There’s an approach to this text that says the wheat and the weeds looked alike until fully mature, thus the need to wait instead of ripping things up, and there’s another that uses the parable to build a timeline awaiting Armageddon. (I am not kidding; you can find a graphic timeline if you do a Google image search for “wheat weeds bible.”) In Matthew 13, Jesus has been teaching from a boat, to get some distance from the crowd. At the end of the day, he retreats to a house, where the disciples have to ask him for an explanation. Although Jesus in the missing verses of this passage assures the disciples they understand him, unlike the crowd, Matthew’s one-for-one gloss reduces a parable to an allegory as if the gospel writer is not so sure about the reader’s comprehension, either. 

I wrote, in 2011, “God does not exclude prematurely, because God doesn’t want to uproot what is still coming to fruition. God waits for the harvest. Maybe we’re all both wheat and weeds. Maybe we’ll be be gathered in and sorted out as individuals and as churches, not discarded ‘here one group and there the other’ but instead given a chance to come to terms with the ways we’ve been both wheat and weeds, so closely intertwined that we can’t always tell the difference ourselves.” (From In the Weeds – July, 2011.) 

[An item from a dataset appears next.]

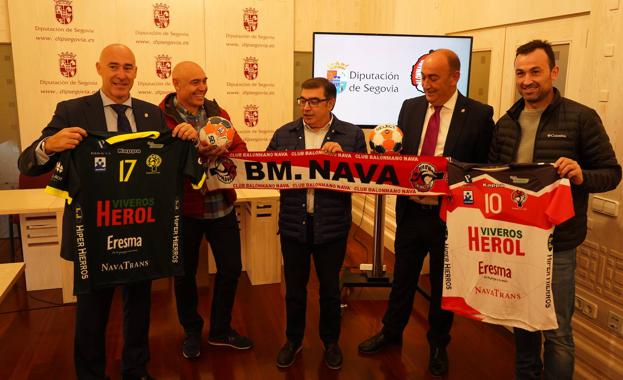 La Diputación apoya al Balonmano Nava con 60.000 euros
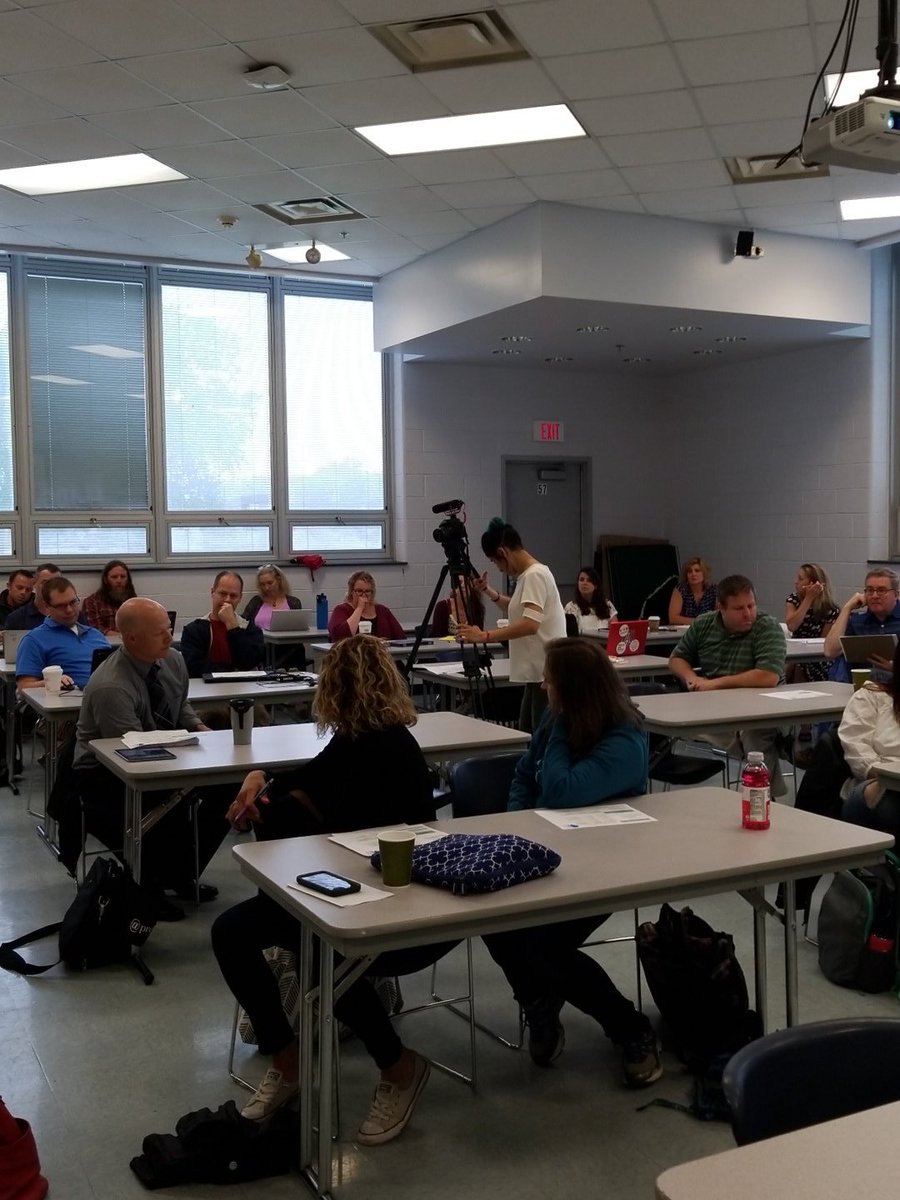 KenWallace207's tweet photo. Today's ILEARN program is being captured by our @Maine_207 student interns. Part of our personal learning program is matching students w real career experiences in fields of interest before college/career selection. #illinoislearn #207learn #207Now https://t.co/ICQouFsNN2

That personal approach to the text spoke to the congregation I served then. In 2020, it’s the collective that speaks to me. Sometimes it is hard to sort out what is good from what is evil without destroying what is good. If that isn’t an image for this moment! In the congregations you serve, people of deep faith, people who love each other and would care for each other and members of the community in times of need, might also disagree passionately about issues that we cannot ignore right now. The seed sown by the enemy, from one perspective, might be QAnon posts or White House talking points about mask-wearing, while from another the evil seeds are the guidelines recommended by the CDC or a Democratic governor. When we read it that way, we may be tempted to follow Matthew down the allegorical path.

Good? Or evil?

I believe we can tell this story as holistic, speaking to all people and for all people. I am not recommending we embrace “both sides-ism,” but rather that we acknowledge the raggedy edges of our own stubborn attachments and lift up the faith values that hold us together. Our shared reckoning with the difference between good and evil in this moment is hard, but it holds our saving hope. The kingdom of heaven may be compared to a sower who waited patiently and watched the green, summery blur grow into its fullness. May we be as patient with each other’s growth, in this fraught moment.